On August 2, 2011, U.S. District Court Judge James Redden ruled that the National Oceanic and Atmospheric Administration (NOAA) Fisheries Service failed for the third time in ten years to produce a legal and scientifically adequate plan to protect imperiled Columbia-Snake River salmon from extinction.
Fishing and conservation groups, the state of Oregon, the Nez Perce Tribe, and the Spokane Tribe opposed the federal biological opinion, or BiOp, in court.
This is the third time Judge Redden has found a BiOp for the Columbia-Snake Basin inadequate and illegal. Today, salmon populations are critically low, lingering near just 1 percent of their historic levels.

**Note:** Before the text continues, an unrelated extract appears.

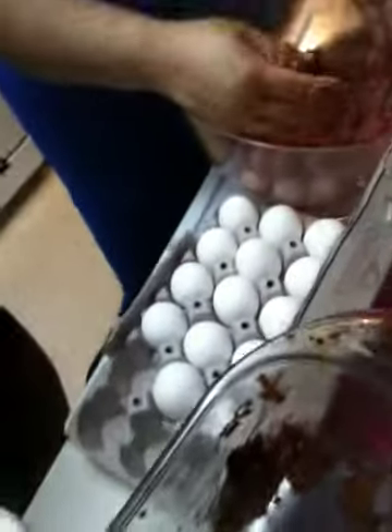Mix it all together, and then you're going to put two eggs in there. You also want to grab a little bit of milk — two percent. A little splash of milk, because that basically adds the moisture.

In finding the current plan’s heavy reliance on unidentified and uncertain habitat actions illegal, the court wrote: “Coupled with the significant uncertainty surrounding the reliability of NOAA Fisheries' habitat methodologies, the evidence that habitat actions are falling behind schedule, and that benefits are not accruing as promised, NOAA Fisheries' approach to these issues is neither cautious nor rational.”
Endangered Snake River salmon and steelhead tackle a migration like no other salmon on earth. Some swim more than 900 miles and climb almost 7,000 feet to reach their spawning grounds, scaling eight dams along the way.